GAAP EPS came in at $0.38, just below the $0.39 consensus. Revenue of $1.07B trailed expectations of $1.14B. Average revenue per user fell to $157 from $191 in the prior quarter.
Transaction-based revenue declined to $623M from $776M in Q4. Crypto revenue dropped 47% Y/Y to $134M, while options revenue rose 8% to $250M and equities revenue jumped 46% to $82M.
Robinhood also raised its 2026 combined adjusted operating expense and share-based compensation guidance to $2.7B–$2.825B, above prior guidance and consensus.
“Our work for Trump accounts is contracted on a cost plus basis with a small margin, so we expect revenues to exceed costs,” the company said.
Investment manager Ross Gerber of Gerber Kawasaki said Robinhood only makes money “when you gamble and lose on.... stock options, crypto and betting. This is a gambling app, nothing more. They make money when you lose.”
Among other active stocks, Seagate Technology (STX) and NXP Semiconductors (NXPI) are surging post-earnings.
On Seagate, Morgan Stanley analyst Erik Woodring said, “For the third quarter in a row, our prior bull case is becoming our new base case for STX, as pricing, gross margins and earnings power continue to exceed our above-Street forecasts.”
On NXP, Morgan Stanley analyst Joseph Moore said the company provided the confidence and clarity needed to support its long-term story, citing “new data center disclosure, broader analog momentum and continued design win ramps.”
Oil prices are moving higher on expectations of a prolonged Middle East bottleneck. Stronger-than-expected U.S. economic data — adding demand to an already constrained market — is also supporting the move.
The United States Oil Fund ETF (USO) rallied to its highest level since July 2015.
President Donald Trump pressed Iran to “get smart soon” after reportedly telling aides to prepare for an extended blockade of the country’s key port infrastructure.
The decision to maintain the blockade is seen as a lower-risk alternative to resuming bombing or abandoning negotiations altogether, the Wall Street Journal reported.
Trump said Iran’s offer to reopen the Strait of Hormuz while postponing nuclear talks showed Tehran was not negotiating in good faith.
“Iran can't get their act together,” Trump posted overnight on Truth Social. “They don't know how to sign a nonnuclear deal. They better get smart soon!”
An extended blockade would likely keep energy markets on edge, with traders watching closely for any disruption tied to the Strait of Hormuz — a key chokepoint for global oil flows.
As Bloomberg columnist Javier Blas noted, one trader quipped that markets were expecting “TACO” — Trump Always Chickens Out — but are instead getting “NACHO” — Not A Chance Hormuz Opens.
Ahead of this afternoon’s Fed decision, the Senate Committee on Banking, Housing and Urban Affairs advanced Kevin Warsh’s nomination for Federal Reserve chair to a full Senate vote, where he is widely expected to be confirmed.

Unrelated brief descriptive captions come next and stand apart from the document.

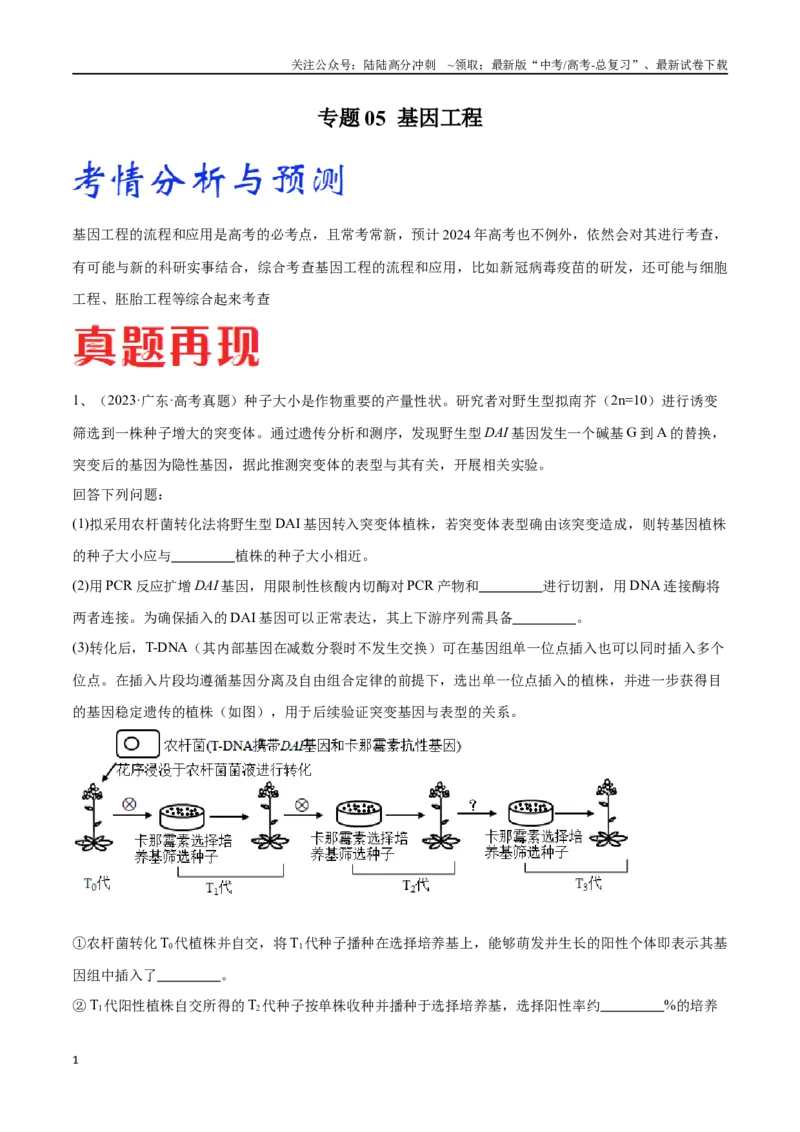 《专题05基因工程（广东卷）（解析版）_06-生物-高考总复习_专项复习_2024年_2024年高考生物考前大题秒杀技巧及专项训练_资料》第1页预览
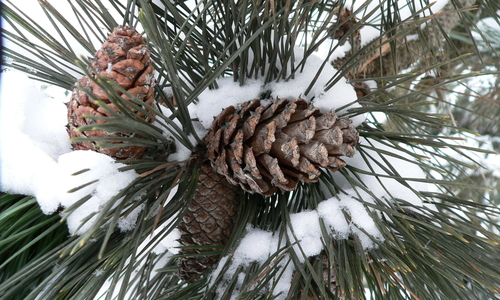 Pine cones on a tree with snow.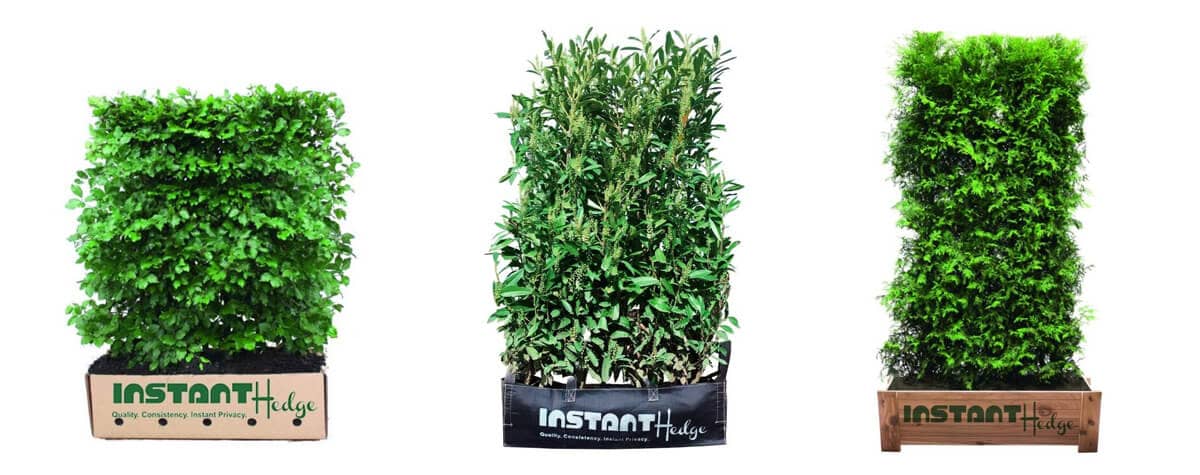 packaging-3hedge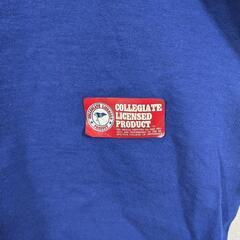 カレッジロゴTシャツ大学アメフトUS古着ヴィンテージアメカジレトロ刺繍の画像
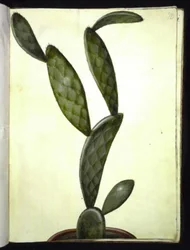 Opuntia monacantha (figuier de Barbarie)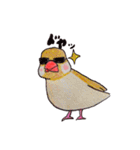癒やし文鳥スタンプ（個別スタンプ：18）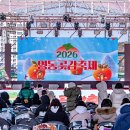 일원농장 | 겨울축제 아이와 가볼만한곳 충북 영동곶감축제 후기 빙어잡기체험 두쫀쿠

The committee approved the nomination 13–11 along party lines.
The vote puts Warsh on track to be confirmed before Jerome Powell’s term as Fed chair ends on May 15, making today’s FOMC meeting likely the last one Powell will lead as chair. His term as a Fed governor, however, runs for two more years.
And in other news of note, Disney (DIS) has reportedly decided against spinning off ESPN and will keep the sports network within its portfolio, Business Insider reports.
The decision comes as Josh D’Amaro prepares to assume leadership from Bob Iger. Keeping ESPN in-house is seen as supporting Disney’s broader pivot to streaming, with the network continuing to be offered across cable and streaming platforms, including bundled packages with Hulu+ and Disney+.
ESPN was once a major profit engine for Disney but has faced subscriber declines amid cord-cutting. While Iger publicly described ESPN as a core asset, discussions had emerged over whether separating the network could unlock value.